A new report commissioned by Lock the Gate Alliance reveals the destruction the Hunter Gas Pipeline would wreak along the 620km-long NSW section of its route if built.
The pipeline, which was first approved a decade ago, would be built to transport gas from Wallumbilla in Qld via Santos’ Narrabri project to the coast near Newcastle.
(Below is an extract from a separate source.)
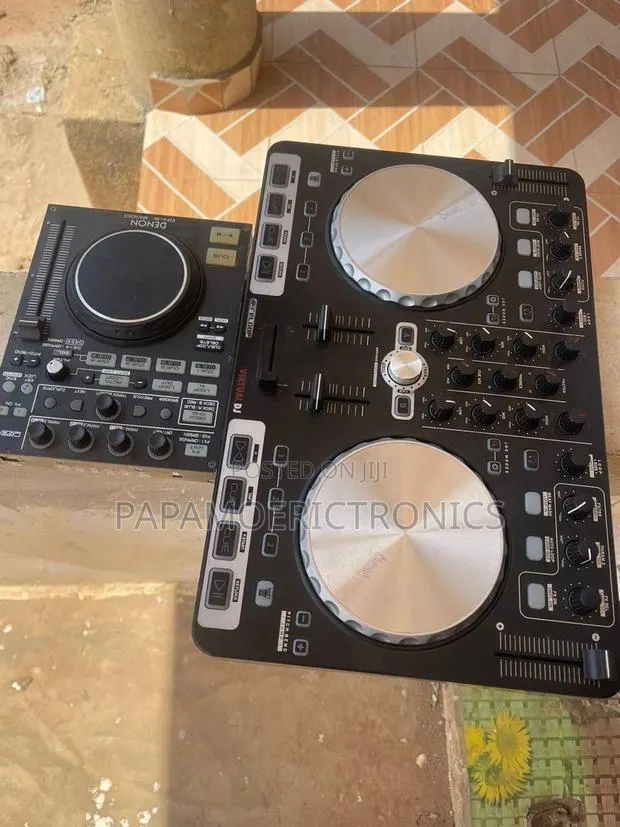 Reloop Beatmix Two Channel Dj Controller · Photo 1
The proponent has indicated that it may be used to transport CSG from the planned Narrabri Gas Project.
The Cessoils report (available here), which only focused on the NSW section, reveals the HGP corridor mapped by the proponent (200m wide of which 30m will be cleared) extends across:
31 recorded Aboriginal cultural heritage sites
4,446 hectares of Biophysical Strategic Agricultural Land (the top 3.5% of farming soils in the state)
2,721 hectares of erosional soils
1,014 hectares of high quality habitat and three Areas of Regional Koala Significance, including the very important population around Gunnedah.
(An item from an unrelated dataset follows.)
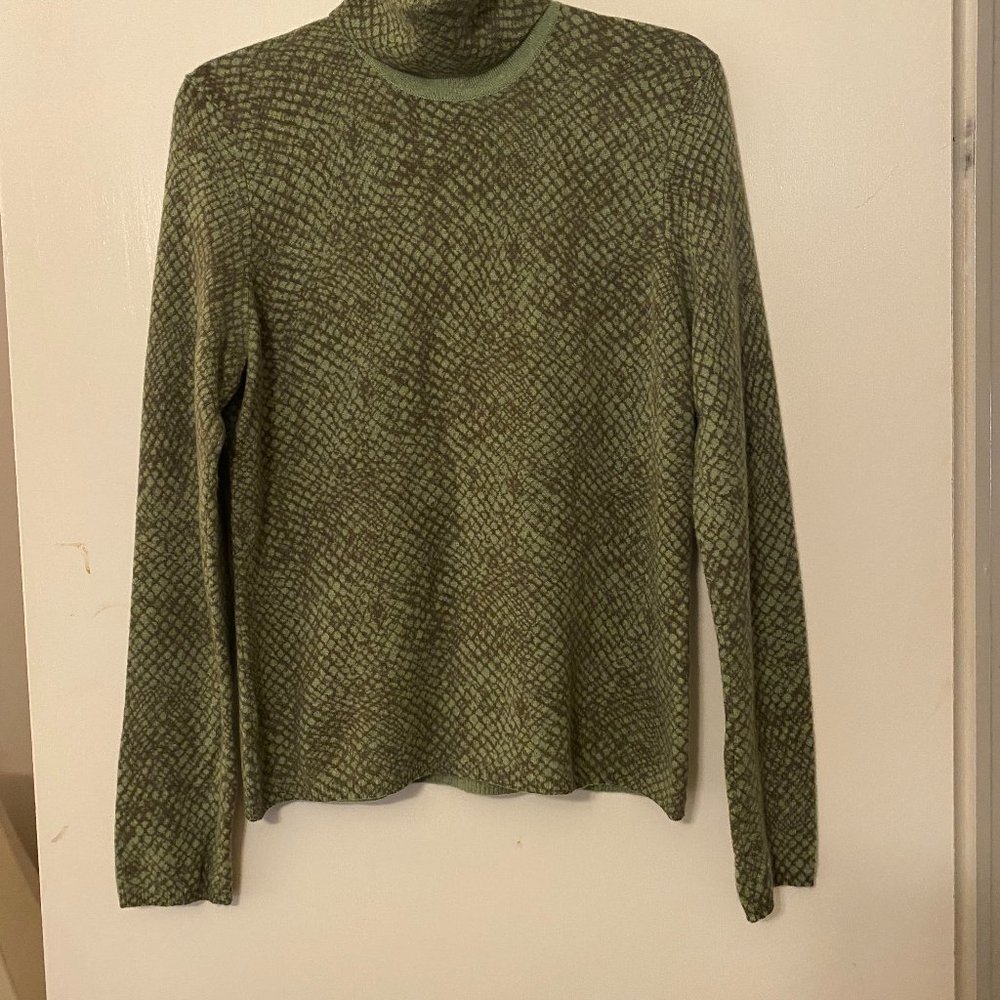MAC green print, cashmere, turtleneck sweater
There are also 2,467 recorded sightings of Koalas within a 10km radius of the pipeline corridor.
Lock the Gate Alliance NSW spokesperson Georgina Woods said it was worrying that the approvals for the pipeline were now well out of date and yet the proponent was seeking public funds from the Morrison Government to help build the project.
“This pipeline never underwent full scrutiny under Federal Environment laws,” she said.
“There was no Environmental Impact Statement done under Federal environment laws to assess impacts on nationally threatened species.
“Yet this pipeline represents a massive risk to highly erodible soils, to cultural heritage, and to species like the Koala, which suffered massive habitat loss during the 2019/20 bushfires.
“This is not your average suburban gas pipeline - it will require a massive trench to be dug across 620km in NSW. When similar gas pipelines were built in QLD, cattle were lost after falling into the huge ditch.
“The Hunter Gas Pipeline will have a destructive impact on cultural values, farms, and wildlife habitat. A damaging project like this should absolutely not be boosted with public money from the Federal Government.”
Retired soil scientist Ian Daniells, who has significant experience working in the region, said the farming land of the Liverpool Plains was among the best in the world, and a gas pipeline could pose a serious threat to its productivity.
“The soils of the Liverpool Plains are excellent for cropping. They store a lot of moisture, they are highly fertile, and the rainfall in that district is highly suitable for cropping,” he said.
“The soils are risky soils to run a gas pipeline through because they swell and shrink as they become wet or dry.
“If the pipeline company takes out that much land, it’s going to be a loss to agriculture on these highly fertile plains.”
After reviewing the report, Associate Professor Mathew Crowther from the University of Sydney, advised that "The pipeline basically goes right through the ARKS [Areas of Regional Koala Significance] (based on koala records), and clearing could have a massive effect on the koala population here, especially that they depend on larger trees (for food and shelter) in this fragmented habitat".